Work order — Take the records below and set down exactly the lines from the one with "LINE Characters in" to the one with "GIACCA SCI EVEREST", ends included; do not copy the pictures.

Excerpted records —
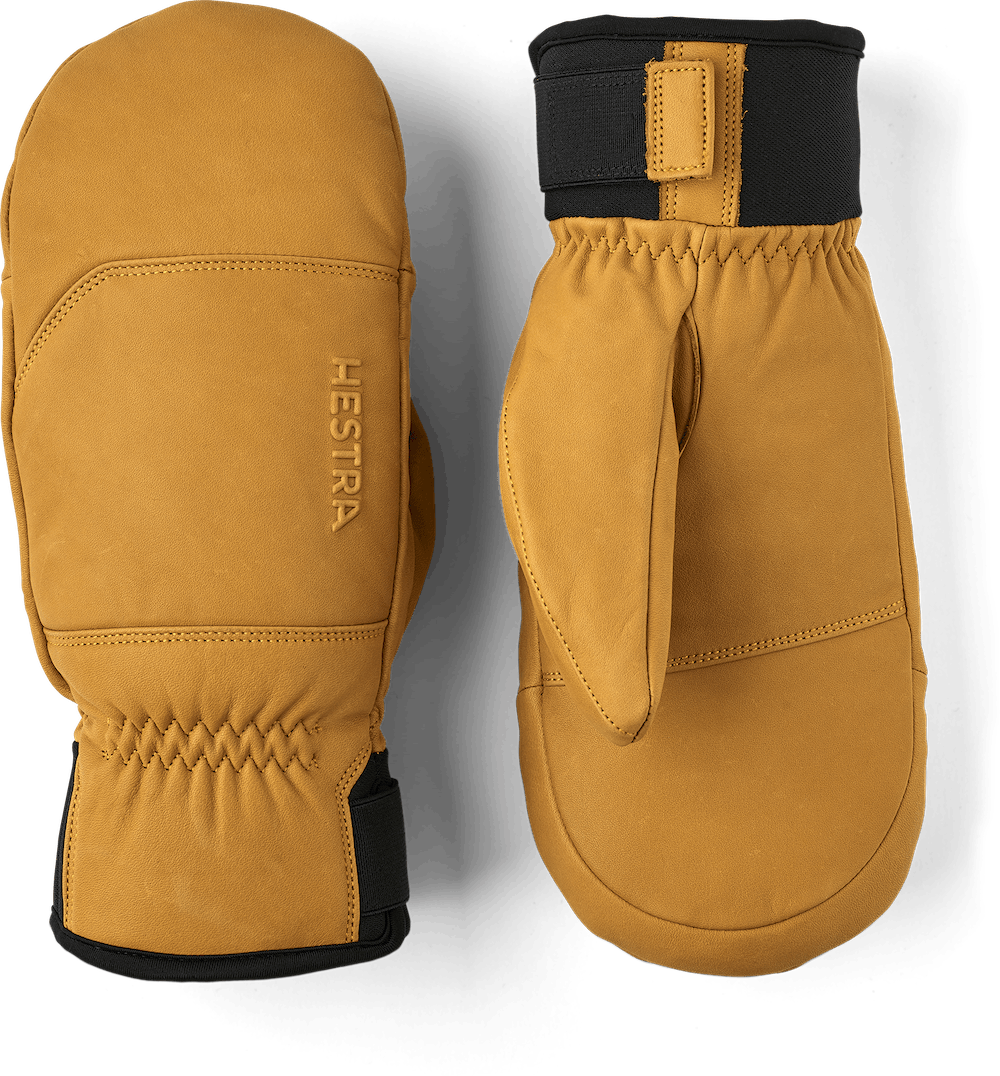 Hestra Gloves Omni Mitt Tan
---
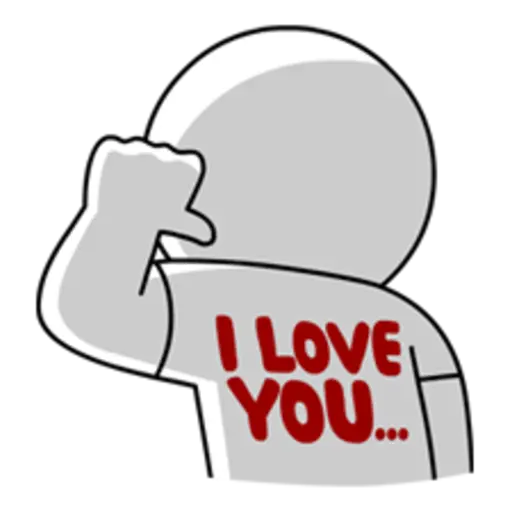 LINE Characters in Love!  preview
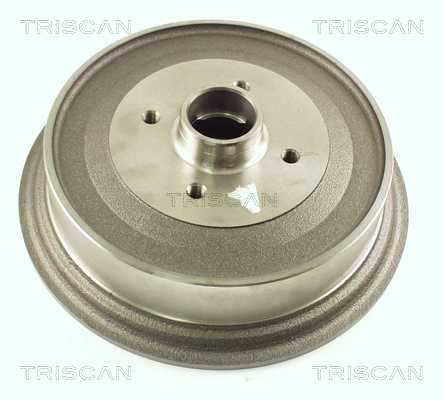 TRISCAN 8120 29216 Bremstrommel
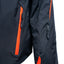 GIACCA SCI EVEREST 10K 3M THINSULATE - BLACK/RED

Solution to the problem —
 LINE Characters in Love!  preview
 TRISCAN 8120 29216 Bremstrommel
 GIACCA SCI EVEREST 10K 3M THINSULATE - BLACK/RED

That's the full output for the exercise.